_What the exercise asks_: Repeat the data that follows, word for word, without the images.

_Source material_:
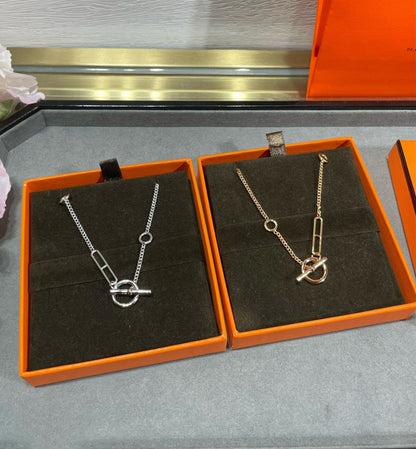 ¡®Glow Jewelry¡¯HM STERLING CHAINE D'ANCRE HEART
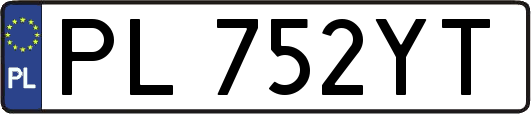PL752YT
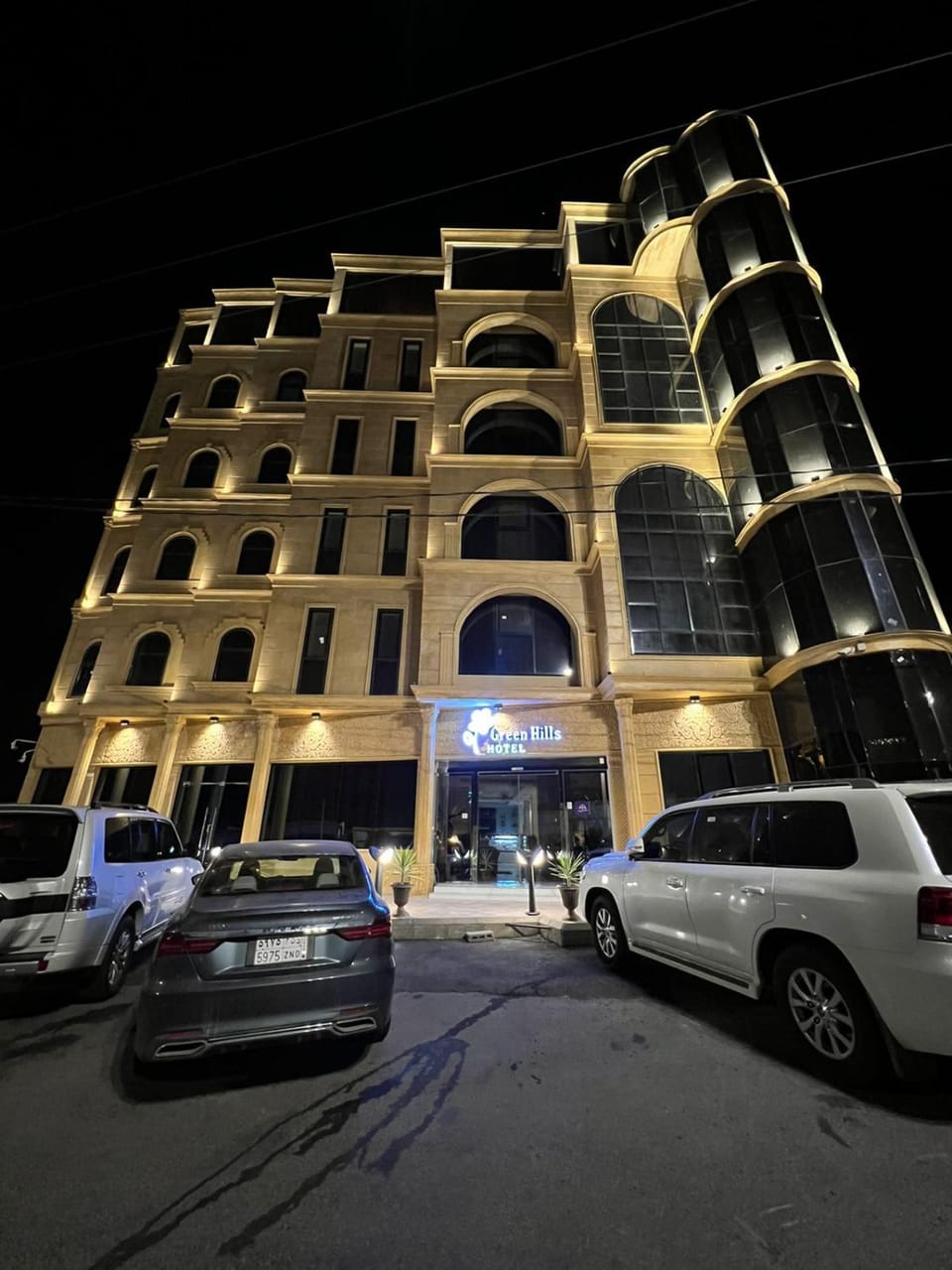 Property building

_Answer area_:
 ¡®Glow Jewelry¡¯HM STERLING CHAINE D'ANCRE HEART
PL752YT
 Property building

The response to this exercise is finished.